*WORK REQUEST*. Write out each record below exactly as it appears, with no pictures.

⟨

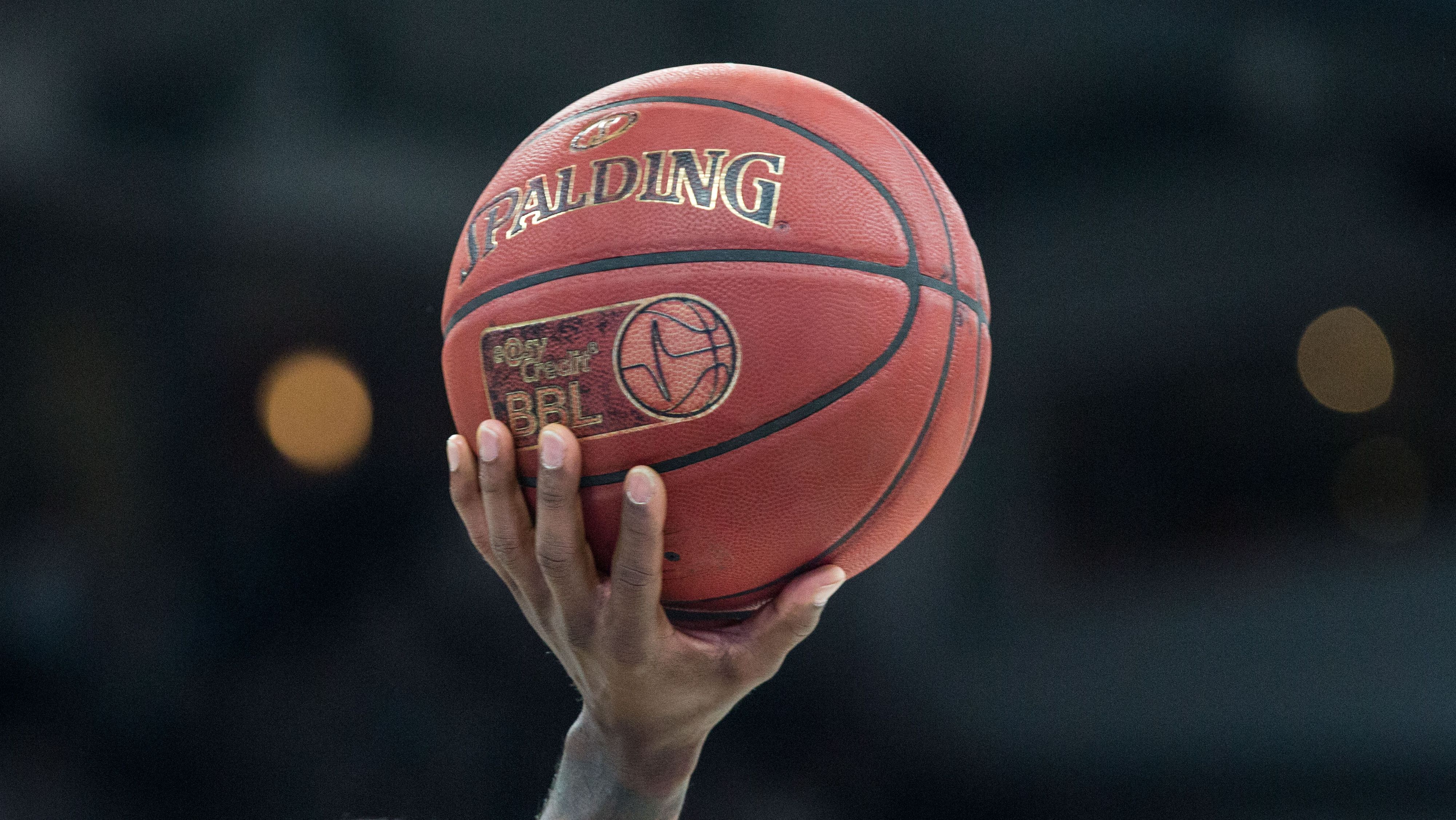 Basketball-Bundesliga: FC Bayern siegt erneut | BR24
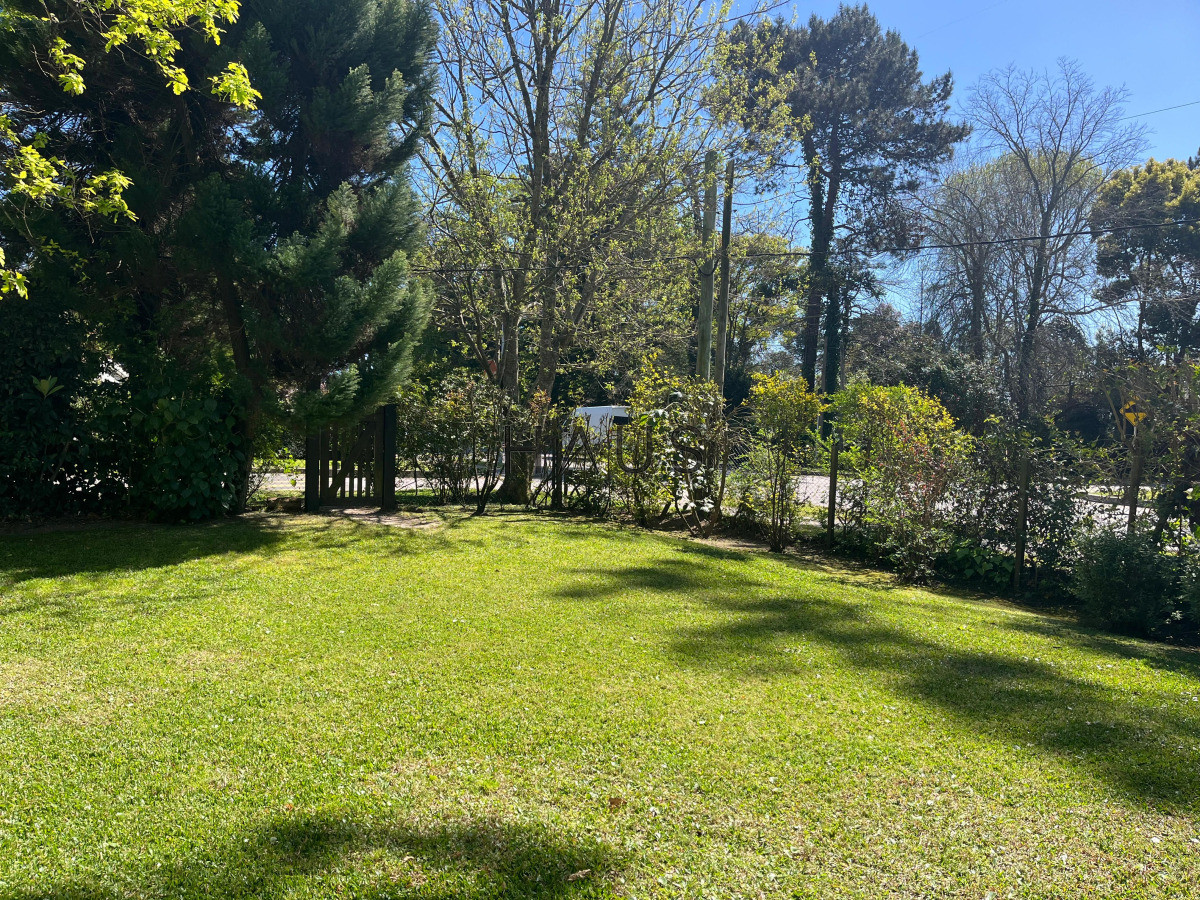 Casa ID.630 - Alquiler anual ideal uso comercial o familiar .Sobre Avenida Córdoba.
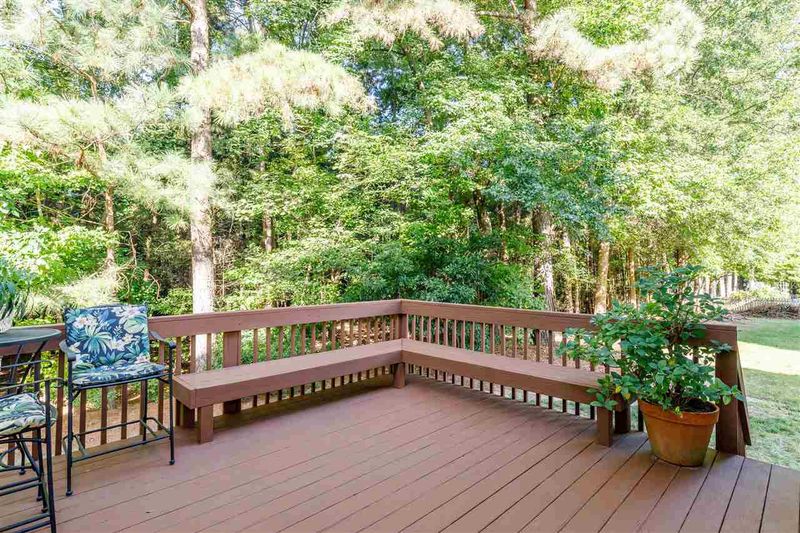 111 Hassellwood Dr, Cary, NC 27518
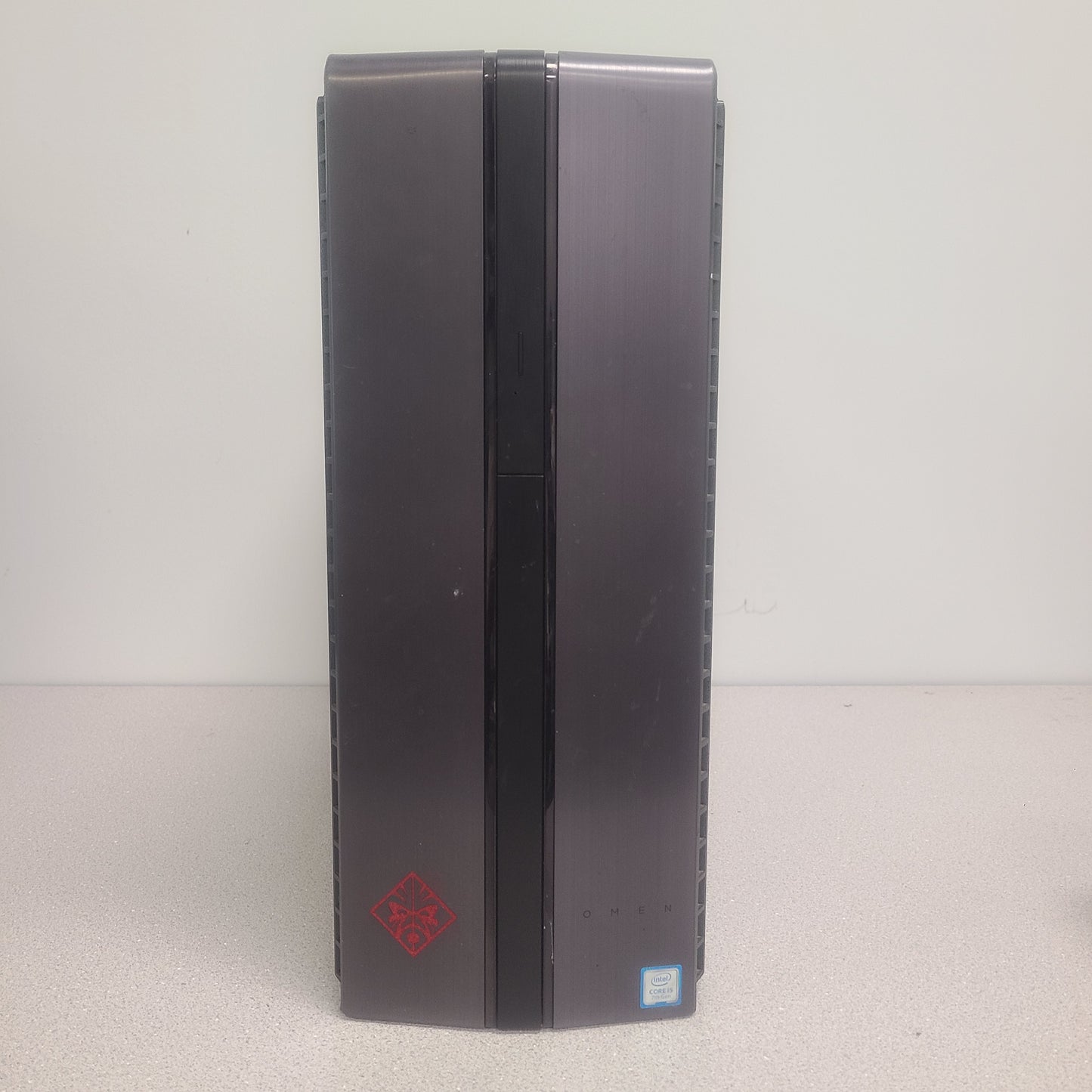 Omen Custom PC Core i5-7400 3.0GHz 16GB RAM 1TB HDD Nvidia GeForce GTX 1060
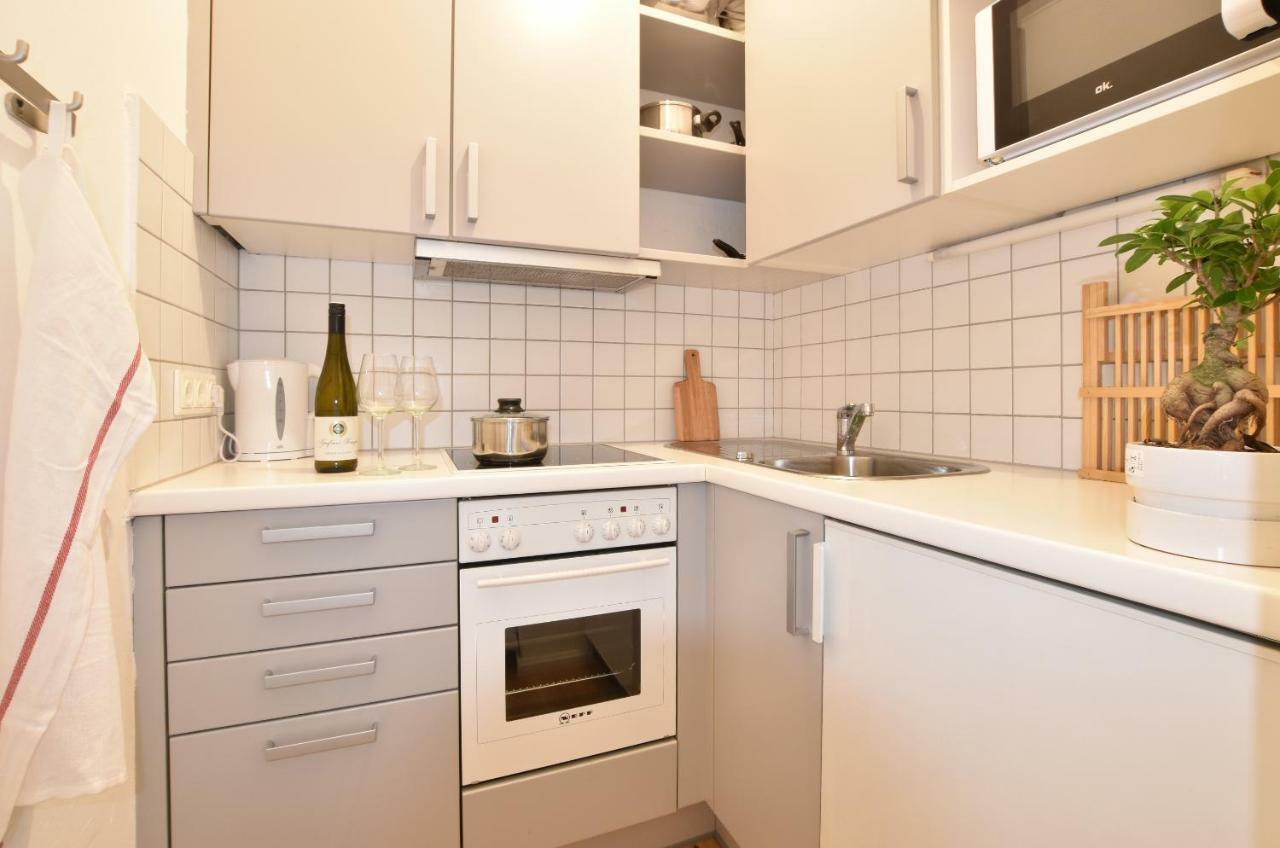 Peaceful Studio Apartment Near Center Innsbruck Eksteriør bilde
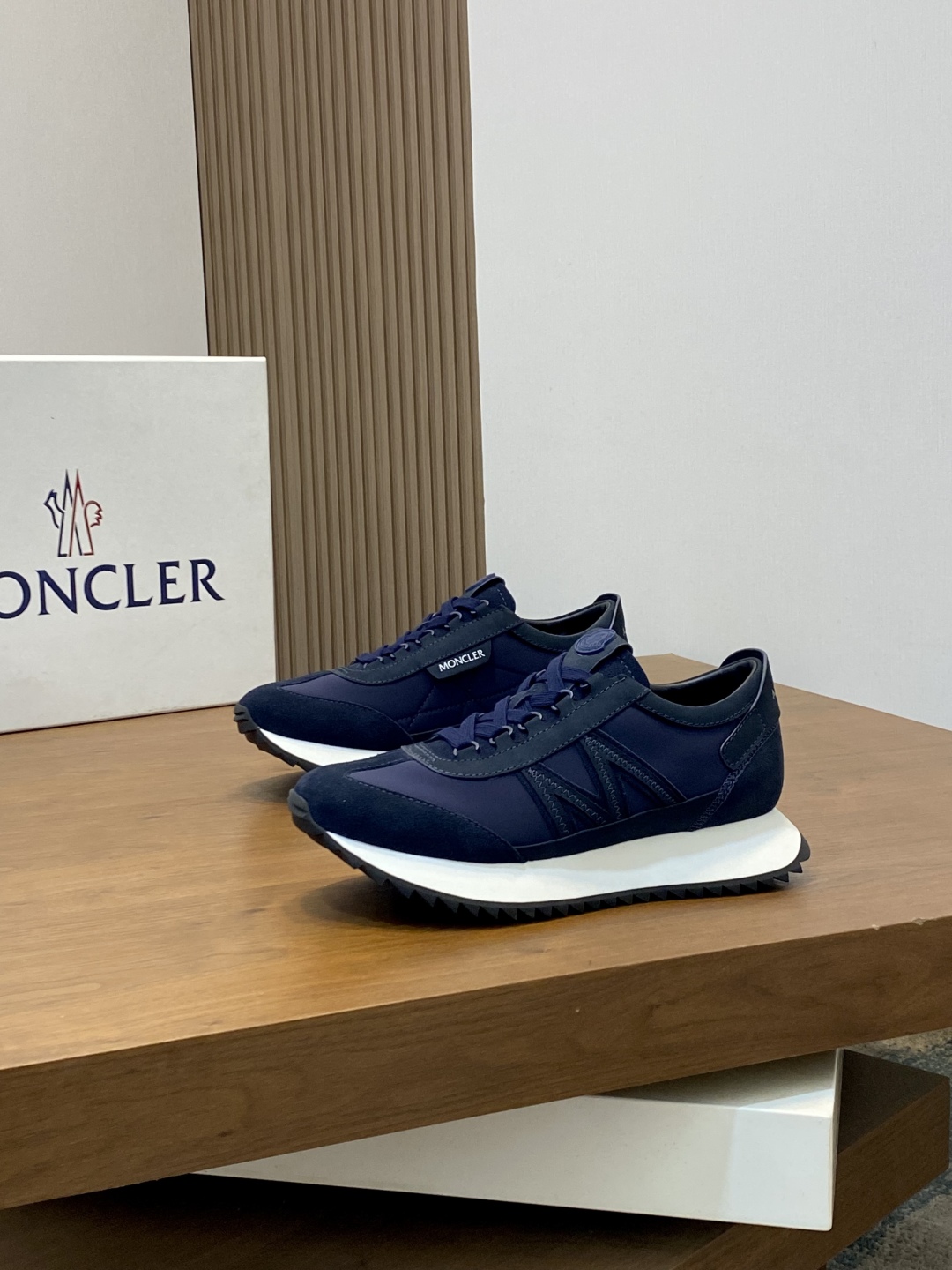 Moncler 몽클레어 남성 스니커즈 신발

⟩

*ANSWER TO THIS PROBLEM*.
 Basketball-Bundesliga: FC Bayern siegt erneut | BR24
 Casa ID.630 - Alquiler anual ideal uso comercial o familiar .Sobre Avenida Córdoba.
 111 Hassellwood Dr, Cary, NC 27518
 Omen Custom PC Core i5-7400 3.0GHz 16GB RAM 1TB HDD Nvidia GeForce GTX 1060
 Peaceful Studio Apartment Near Center Innsbruck Eksteriør bilde
 Moncler 몽클레어 남성 스니커즈 신발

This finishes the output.